Volviendo entonces a la pregunta inicial: ¿por qué esta discusión en este momento entre tantos dirigentes del partido en una situación que no era precisamente calma? Por un lado, porque la discusión cultural de entonces, que tuvo uno de sus ejes en la cuestión de qué hacer con la tradición anterior en la construcción de lo nuevo, era un eco de debates abiertos también en otros terrenos, incluso más dramáticos, desde el militar o el económico –y sobre todo en un país atrasado como la URSS–.

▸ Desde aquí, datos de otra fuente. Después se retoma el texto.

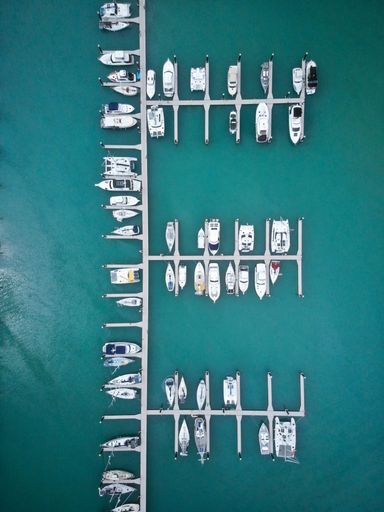 A drone sot of the moored yachts and boats in a harbor on a sunny day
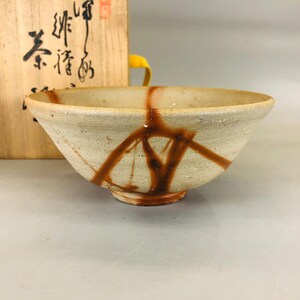 以下が含まれることがあります： 茶碗は白磁でできており、茶色の釉薬が施されています。茶碗は丸みを帯びた形をしていて、縁が少し広がっています。茶碗は木製の台の上に置かれています。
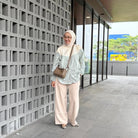 Woman in hijab wearing a green stripe shirt by Abame standing against a modern building with glass windows.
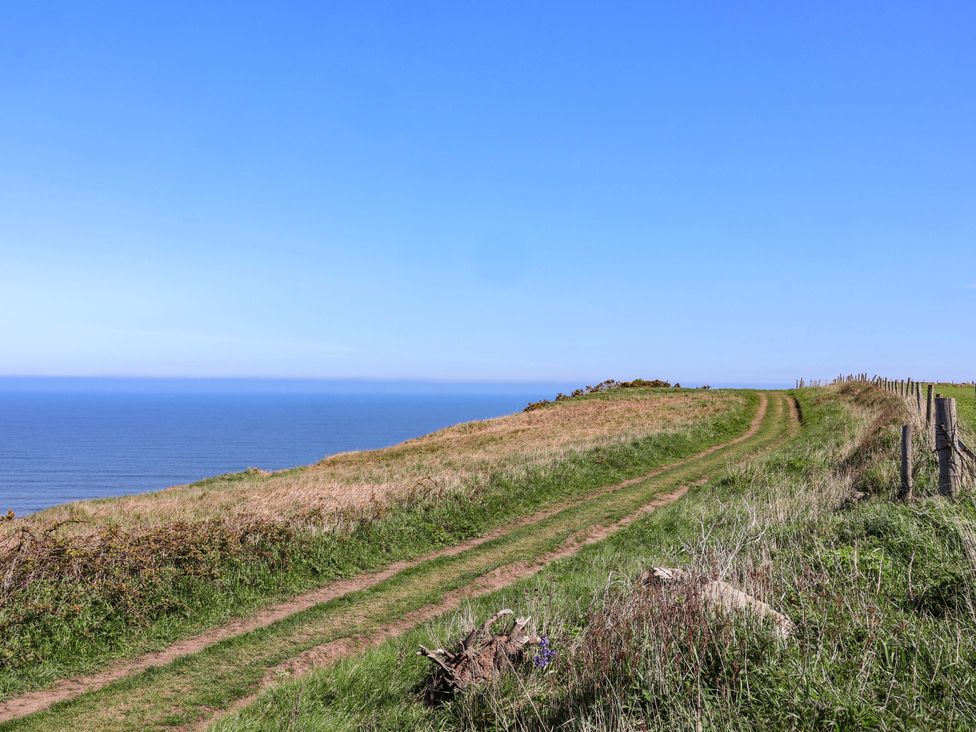 A pathway leading to the ocean with a fence at Voebroch in Lythe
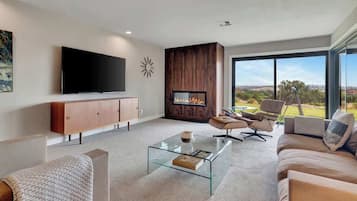 Smart TV, fireplace, video games, table football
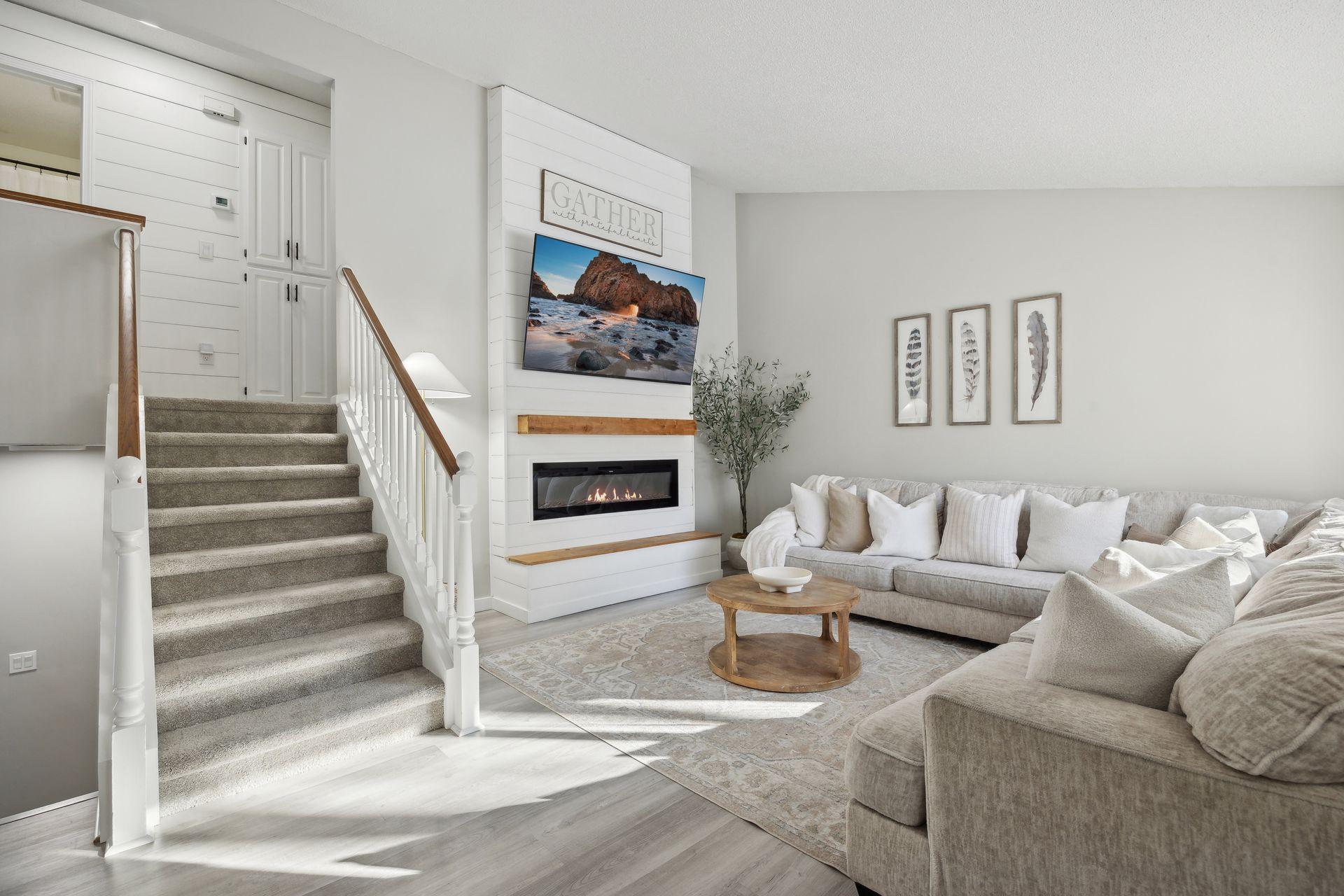 20x20 Main Level Living room with updated styling, Fresh paint, new flooring, white trim and a shiplap-wrapped Electric Fireplace. West-facing windows.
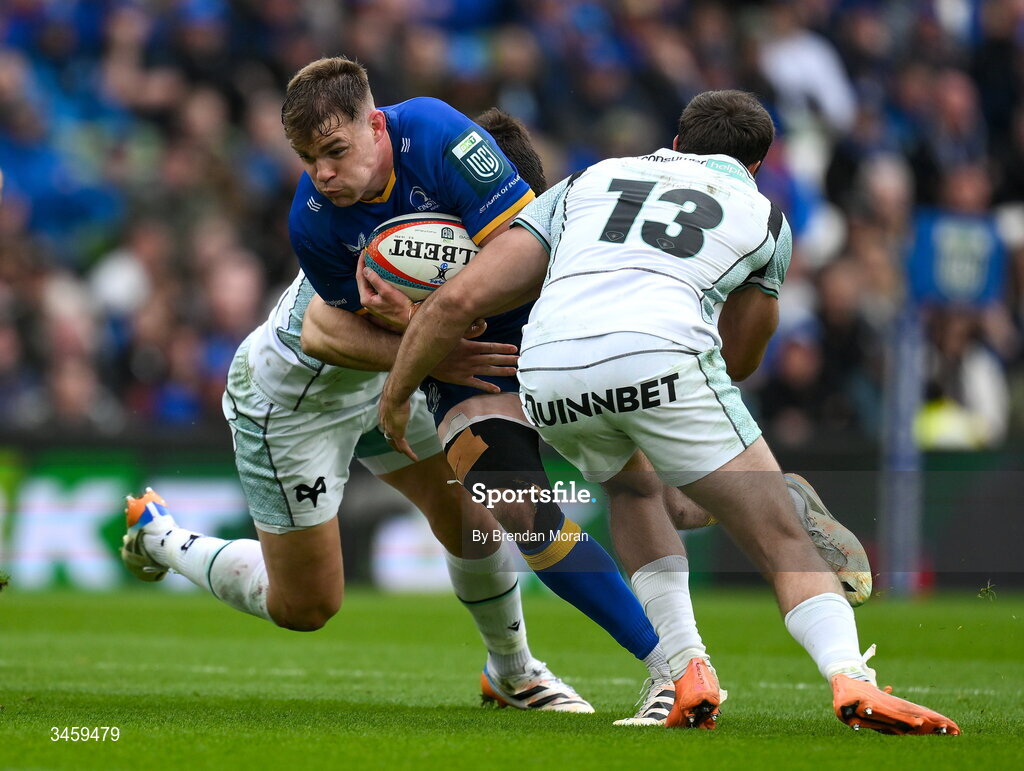 16 May 2026; Garry Ringrose of Leinster is tackled by Owen Watkin and Evardi Boshoff of Ospreys during the United Rugby Championship match between Leinster and Ospreys at the Aviva Stadium in Dublin. Photo by Brendan Moran/Sportsfile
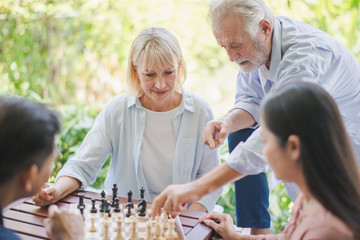 Group of positive seniors European and Asia are playing chess game on the table outdoor at retirement home. Retired people are playing chess having fun to enjoying and smiling felling happy.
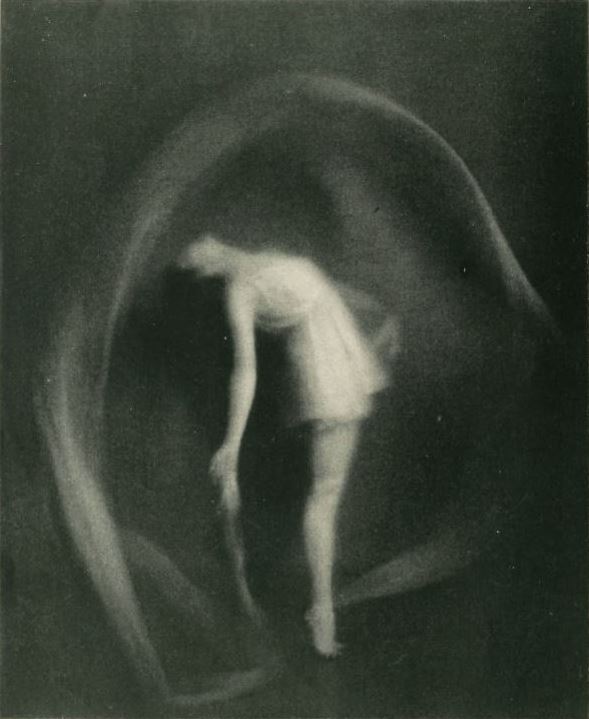 Doris Humphrey bends within a circular sweep of translucent fabric in The Scarf Dance.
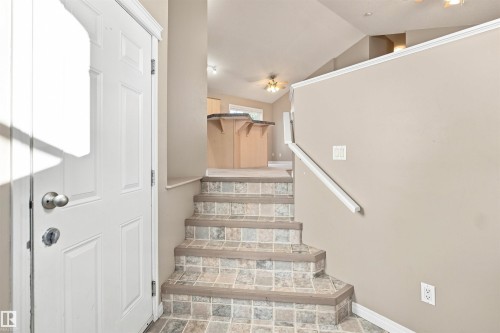 Entryway featuring tile-finish stairs and neutral wall tones - 1328 80 Street Sw, Edmonton, AB - Indoor Photo Showing Other Room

Por otro lado, porque el debate de la “cultura proletaria” entre los marxistas del Partido Bolchevique no era solo literario; estaba basado en conceptos como el de hegemonía, alianza de clases, tareas históricas de clase, en fin, problemas importantes de la teoría y la política revolucionaria para pensar la transición. Al parecer, estos dirigentes están saldando en un terreno menos “acuciante” las diferencias que tenían en cuanto a la dinámica de la revolución y los desafíos que presenta la transición, en un período en que empiezan a perfilarse dos alternativas que pronto chocarán: la idea de la posibilidad de construcción del “socialismo en un solo país” que Stalin esboza en 1925, o las ideas que terminarán conformando la “teoría de la revolución permanente”, que Trotsky desarrollará más acabadamente en los años posteriores.